The Bunting family business was started in the 1950s by brothers C.B. and Duck Bunting. It’s a tough business that requires 365 days of work per year. C.B. and his sons still leave the family Christmas Day lunch every year to help load hogs and do other chores around the farm. C.B. is 84 years old but he still physically corrals the hogs into the truck. The work is not just strenuous. It’s dangerous, too.
Basically they grow and sell wean pigs and completely finished pigs through their own stock and a group of contract growers. Through their companies; Bunting Farms (the pig farm), Wilson Milling (a mill that supplies their feed), and Pine Ridge Foods (a plant that packs their own line of pork) they employ 200 to 300 people. They are the largest employer in Micro, NC, and among the largest in Pinetops, NC.
Bunting Farms produces 400,000 head of hogs a year, with combined gross billings of $70,000,000 a year. They’ve been a real success in rural North Carolina.
But trouble began a few years back. Grain prices, which account for 75 % of the cost of raising a pig, began to skyrocket. They had been around $2.00 a bushel for over ten years.
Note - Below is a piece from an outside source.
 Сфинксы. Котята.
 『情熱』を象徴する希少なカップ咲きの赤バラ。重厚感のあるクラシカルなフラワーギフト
Then, in the summer of 2008, they hit $8.00 a bushel. This was despite two of the largest corn crops in U.S. History.
The principal reason for the price hike was federally mandated use of corn to produce ethanol fuel.
Then the financing issues set in. In June 2008, Bunting Farms asked their banker of 30 years for a 2-3 million dollar line of credit to help them through the storm. Two weeks before their normal loan was to roll over they learned they were not going to receive an additional line of credit. Worse yet, they were not going to roll over their loan.
Imagine having your home mortgage start over each and every year. Further imagine your banker showing up one day and saying “Sorry, we are not going to renew your mortgage. You have two weeks to find and close another loan or we’re taking your house.” This is exactly what happened to the owners of Bunting Farms. And now almost 300 people are out of work.
This is truly a tragedy in four parts:
1. Feed prices skyrocket due to radical environmentalist demands for more ethanol based fuels without consideration of consequences to the local farmers.
2. Financial institutions having to tighten lending exposure due to losses incurred during the home financial crisis.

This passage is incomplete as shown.